> [WORK REQUEST] Looking at the data below, how many lines include the word "jewelry"? Respond with the number only.
---*---
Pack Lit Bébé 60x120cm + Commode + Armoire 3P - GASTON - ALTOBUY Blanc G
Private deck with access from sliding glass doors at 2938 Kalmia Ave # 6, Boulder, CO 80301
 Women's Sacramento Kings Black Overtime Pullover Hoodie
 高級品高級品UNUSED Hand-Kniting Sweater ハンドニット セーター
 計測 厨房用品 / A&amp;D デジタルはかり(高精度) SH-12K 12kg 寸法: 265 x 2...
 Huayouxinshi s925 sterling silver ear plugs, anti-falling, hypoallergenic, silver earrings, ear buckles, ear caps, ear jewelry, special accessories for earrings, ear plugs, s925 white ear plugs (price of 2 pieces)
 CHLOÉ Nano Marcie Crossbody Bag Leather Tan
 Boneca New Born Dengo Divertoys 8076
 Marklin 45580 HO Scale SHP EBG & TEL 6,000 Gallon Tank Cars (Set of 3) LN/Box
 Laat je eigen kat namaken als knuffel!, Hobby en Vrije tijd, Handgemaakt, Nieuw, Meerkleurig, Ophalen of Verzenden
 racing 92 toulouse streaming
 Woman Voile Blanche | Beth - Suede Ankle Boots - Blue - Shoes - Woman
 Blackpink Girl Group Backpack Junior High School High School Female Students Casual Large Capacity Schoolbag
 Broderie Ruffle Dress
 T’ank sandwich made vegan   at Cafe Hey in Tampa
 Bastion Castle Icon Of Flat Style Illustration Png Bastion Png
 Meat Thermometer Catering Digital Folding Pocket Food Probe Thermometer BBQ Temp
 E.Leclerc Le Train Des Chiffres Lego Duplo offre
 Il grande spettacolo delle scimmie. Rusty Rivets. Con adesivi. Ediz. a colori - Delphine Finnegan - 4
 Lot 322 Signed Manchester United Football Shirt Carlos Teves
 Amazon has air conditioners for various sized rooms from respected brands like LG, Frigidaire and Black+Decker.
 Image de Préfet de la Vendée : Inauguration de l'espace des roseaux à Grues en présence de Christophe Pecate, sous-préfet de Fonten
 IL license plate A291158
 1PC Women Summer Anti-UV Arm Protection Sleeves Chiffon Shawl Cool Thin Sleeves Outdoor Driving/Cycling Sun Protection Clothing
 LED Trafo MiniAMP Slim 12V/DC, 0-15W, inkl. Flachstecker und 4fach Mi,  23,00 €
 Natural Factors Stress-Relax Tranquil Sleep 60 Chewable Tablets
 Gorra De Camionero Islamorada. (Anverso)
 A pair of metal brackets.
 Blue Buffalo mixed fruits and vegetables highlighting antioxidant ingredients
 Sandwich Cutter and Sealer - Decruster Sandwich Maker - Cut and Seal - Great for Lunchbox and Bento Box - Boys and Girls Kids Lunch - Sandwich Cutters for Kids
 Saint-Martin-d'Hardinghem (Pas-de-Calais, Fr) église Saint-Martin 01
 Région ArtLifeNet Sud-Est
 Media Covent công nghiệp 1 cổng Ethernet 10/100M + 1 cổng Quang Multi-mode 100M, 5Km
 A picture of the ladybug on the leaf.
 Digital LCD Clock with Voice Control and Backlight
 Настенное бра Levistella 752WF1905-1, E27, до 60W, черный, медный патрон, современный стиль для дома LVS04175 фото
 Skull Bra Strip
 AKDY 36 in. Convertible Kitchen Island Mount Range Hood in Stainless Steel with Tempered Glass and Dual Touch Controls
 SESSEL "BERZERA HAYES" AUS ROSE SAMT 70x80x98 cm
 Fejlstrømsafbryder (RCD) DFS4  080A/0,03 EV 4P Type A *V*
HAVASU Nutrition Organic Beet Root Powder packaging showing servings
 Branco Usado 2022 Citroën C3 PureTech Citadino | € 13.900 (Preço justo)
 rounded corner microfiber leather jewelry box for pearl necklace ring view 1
---*---
> [YOUR RESPONSE] 2